JOEL ROBERTS POINSETT

Poinsett County Arkansas Genealogy Trails

 
JOEL ROBERTS
POINSETT (1779-1851), a Representative from South Carolina; born in Charleston, S.C., March 2, 1779; spent his early childhood in England; returned to America in 1788; attended private school at Greenfield Hill, Conn., and later in Wandsworth, near London, England; studied medicine at the University of Edinburgh, Scotland, and attended the military school in Woolwich, England; returned to Charleston, S.C., in 1800; studied law for a few months; traveled extensively in Europe from 1801 to 1809, returning to the United States for short intervals; sent to South America by President Madison in 1809 to investigate the prospects of the revolutionists there in their struggle for independence from Spain; returned to Charleston, S.C., in 1816; member of the state house of representatives 1816-1819; served as president of the board of public works; declined the offer of commissioner to South America by President Monroe; elected as a Republican to the Seventeenth Congress reelected as a Jackson Republican to the Eighteenth Congress, and elected as a Jacksonian to the Nineteenth Congress and served from March 4, 1821, to March 7, 1825, when he resigned to enter the diplomatic service; Minister to Mexico 1825-1829; member of the state house of representatives, 1830-1831; Secretary of War in the Cabinet of President Van Buren 1837-1841; died near what is now Statesburg, Sumter County, S.C., December 12, 1851; interment in the Church of the Holy Cross (Episcopal) Cemetery.  
Source:  Biographical Directory of the United States Congress.
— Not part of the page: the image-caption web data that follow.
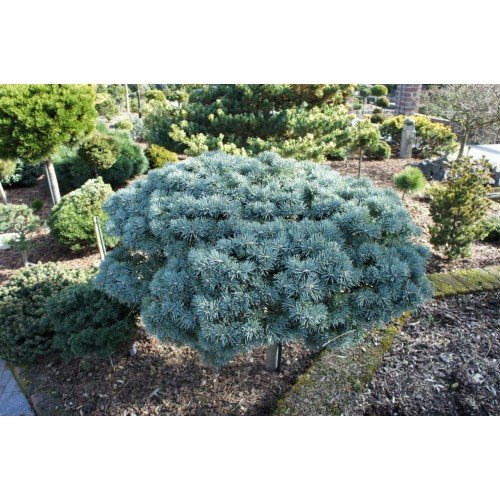 Ялиця Пігельмі продам саджанець, горщик Р9, продам ялицю Piggelmee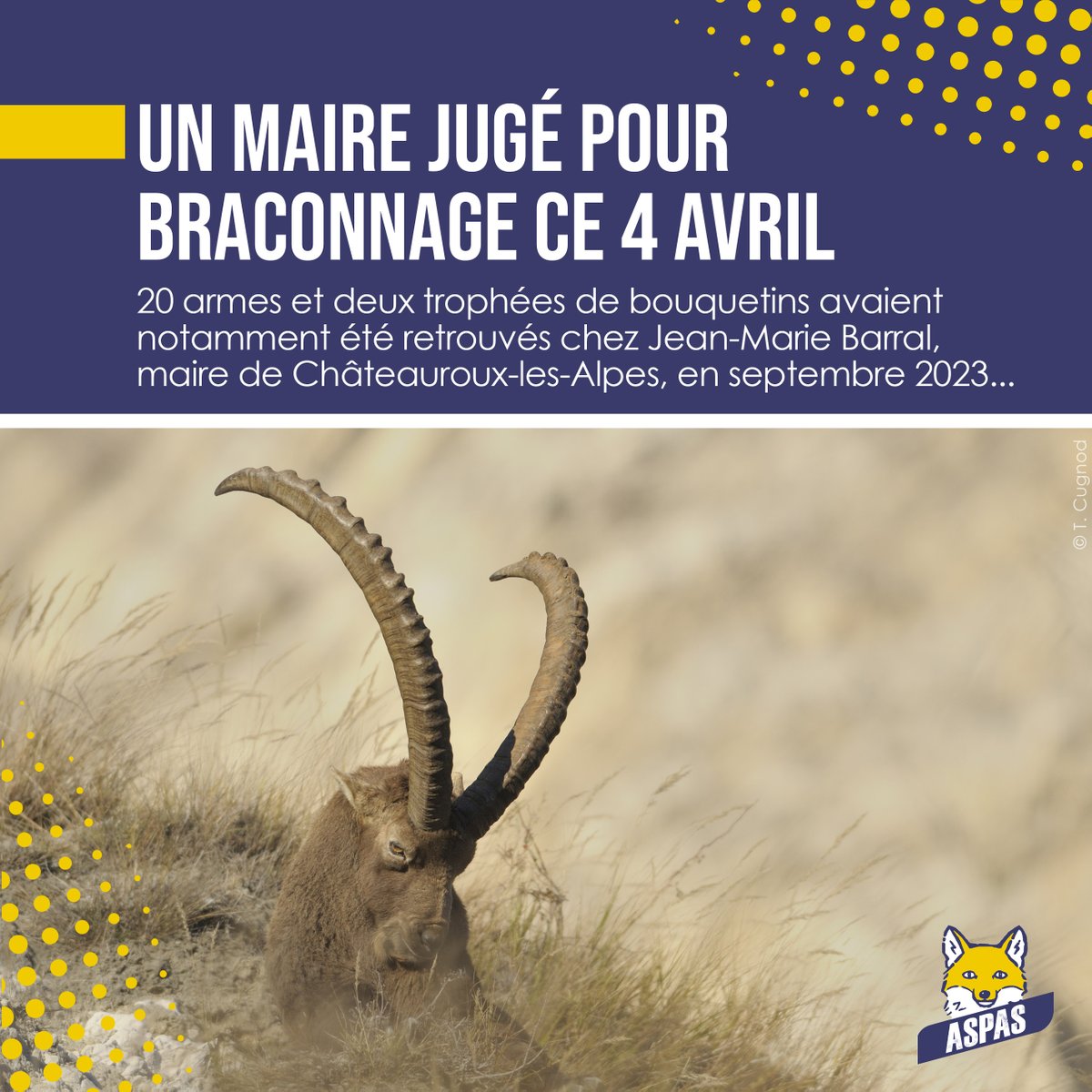 7 congélateurs pleins de viande (chamois, mouflon, cerf, chevreuil, sanglier), 20 armes de différents calibres... et deux trophées de bouquetins des Alpes (espèce protégée !). @ASPASnature est partie civile dans cette affaire de gros #braconnage jugée ce jeudi à Gap 💪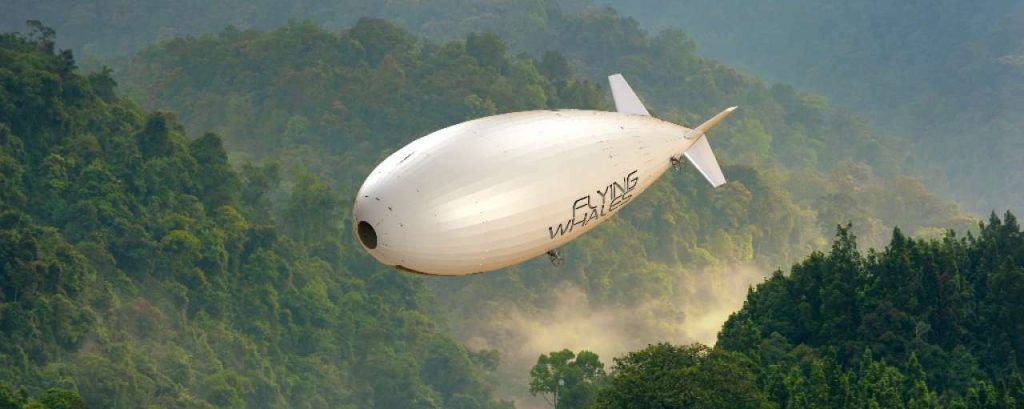 Dcl60t flying whales 001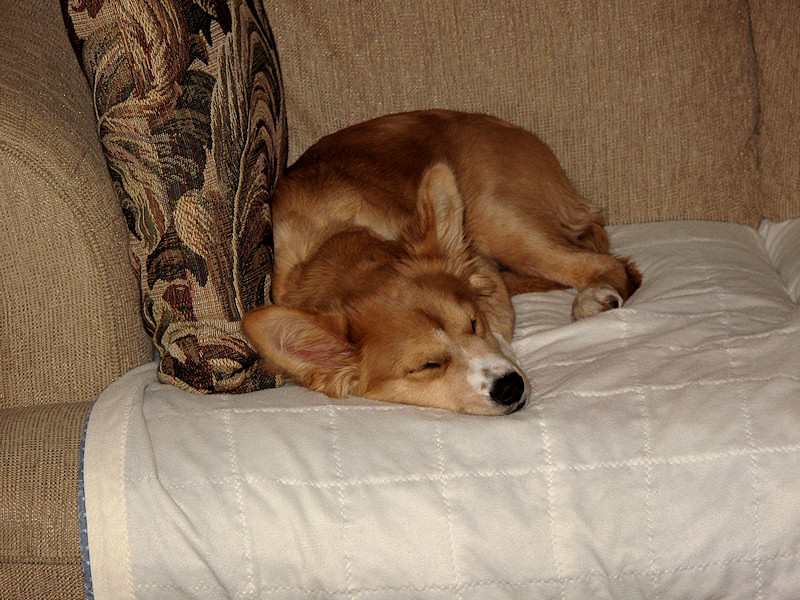 My girl is pooped!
JOEL ROBERTS POINSETT (March 2, 1779 – December 12, 1851) was a physician, botanist and American statesman. He was a member of the United States House of Representatives, the first United States Minister to Mexico (the United States did not appoint ambassadors until 1896), a U.S. Secretary of War under Martin Van Buren and a cofounder of National Institute for the Promotion of Science and the Useful Arts (a predecessor of the Smithsonian Institution), as well as the namesake of Poinsett County, Arkansas, the historic Poinsett Bridge in Greenville County, South Carolina, and the poinsettia, a popular Christmas flower.
Born in 1779 in Charleston, South Carolina to Dr. Elisha Poinsett and his wife Ann Richards, he was educated in Connecticut and Europe, gaining expertise in medicine and the law. He served as a "special agent" to South American countries from 1810 to 1814 (he was sent there by President James Madison in 1809 to investigate the prospects of the revolutionists, in their struggle for independence from Spain), and returned to his home state of South Carolina in 1815. He ran for office there and served in the South Carolina state legislature from 1816 to 1820 as well as the S.C. Board of Public Works from 1818 to 1820. From 1821 to 1826 he represented South Carolina in the lower house of the United States Congress. He simultaneously served as a special envoy to Mexico from 1822 to 1823 and was appointed the first American minister to Mexico in 1825, and became embroiled in the country’s political turmoil until his recall in 1830. It was during this time that he visited the area of southern Mexico called Taxco del Alarcon and discovered what was later to become known as the poinsettia. (The Aztecs referred to the winter-blooming plant as cuetlaxochitl; its Latin name is Euphorbia pulcherrima or "the most beautiful Euphorbia.") Poinsett, an avid amateur botanist sent samples of the plant home to the States and by 1836 the plant was most widely known as the "poinsettia."